Разнообразие причин, по которым демократии отказывают в визе, очень велико. Норвежское правительство исходит, видите ли, исключительно из соображений о моей безопасности. Я никогда не думал, что имею в Осло заботливых друзей на столь ответственных постах. Норвежское правительство стоит, разумеется, целиком за право убежища, совершенно так же, как и германское, французское, английское и все другие. Право убежища есть, как известно, священный и незыблемый принцип. Но изгнанник должен предварительно представить в Осло свидетельство о том, что он не будет никем убит. Тогда ему будет оказано гостеприимство... если, разумеется, не найдется других препятствий.

Двукратные прения стортинга по поводу моей визы представляют собою ни с чем не сравнимый политический документ. Чтение его, по крайней мере, наполовину вознаградило меня за отказ в визе, которой добивались для меня в Норвегии мои друзья.

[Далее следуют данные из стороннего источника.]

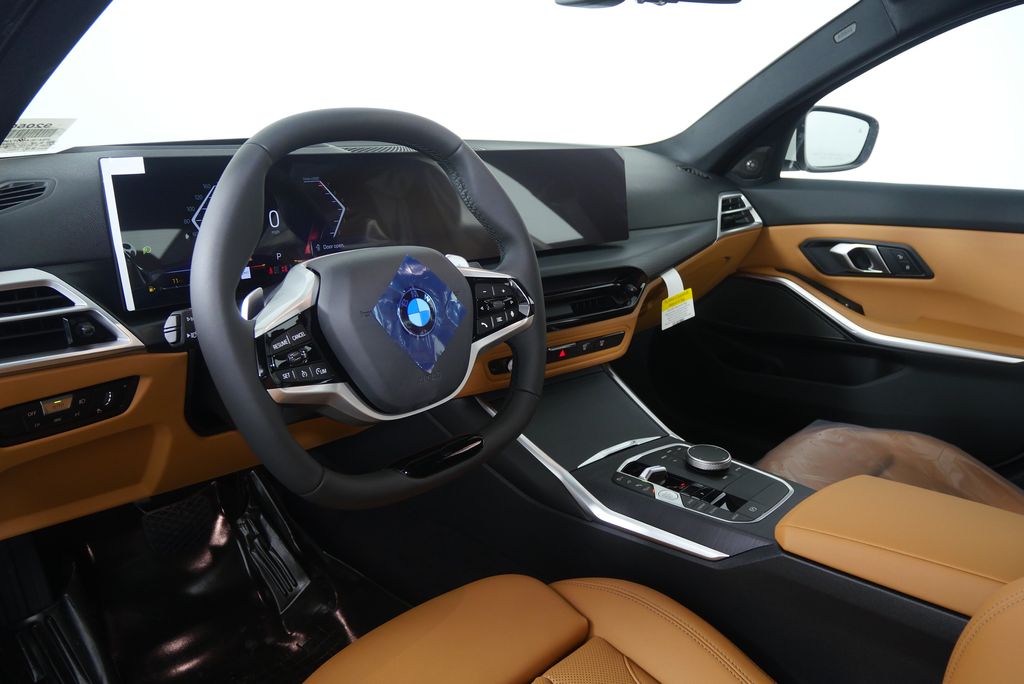 Thumbnail: 2026 BMW 3 Series - 12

Норвежский премьер по вопросу о моей визе беседовал, разумеется, прежде всего с начальником сыска, компетентность которого в демократических принципах -- признаю это заранее -- неоспорима. Начальник сыска, по рассказу господина Мовинкеля, выдвинул то соображение, что разумнее всего предоставить врагам Троцкого расправиться с ним не на территории норвежского государства. Выражено это было менее точно, но мысль была именно такова. Министр юстиции, со своей стороны, разъяснял норвежскому парламенту, что охрана Троцкого легла бы слишком большой тяжестью на норвежский бюджет. Принцип государственной экономии, тоже один из бесспорных демократических принципов, оказался на сей раз в непримиримом противоречии с правом убежища. Вывод во всяком случае получился тот, что наименьше шансов на убежище имеет тот, кто больше всего в нем нуждается.

Значительно остроумнее поступило французское правительство: оно просто сослалось на то, что приказ Мальви о высылке меня из Франции не отменен. Совершенно непреодолимое препятствие на пути демократии! Я рассказал выше, как, после этой высылки и несмотря на неотмененный приказ Мальви, французское правительство предоставило в мое распоряжение своих офицеров, как меня посещали французские депутаты, послы и один из министров-президентов. Но эти явления разыгрывались, очевидно, в двух непересекающихся плоскостях. А сейчас положение таково: убежище во Франции мне было бы предоставлено наверняка, если бы в архивах полиции нс имелось приказа о моей высылке из Франции по требованию царской дипломатии. Известно, что полицейский приказ -- это нечто вроде полярной звезды: ни упразднить, ни переместить ее нет никакой возможности.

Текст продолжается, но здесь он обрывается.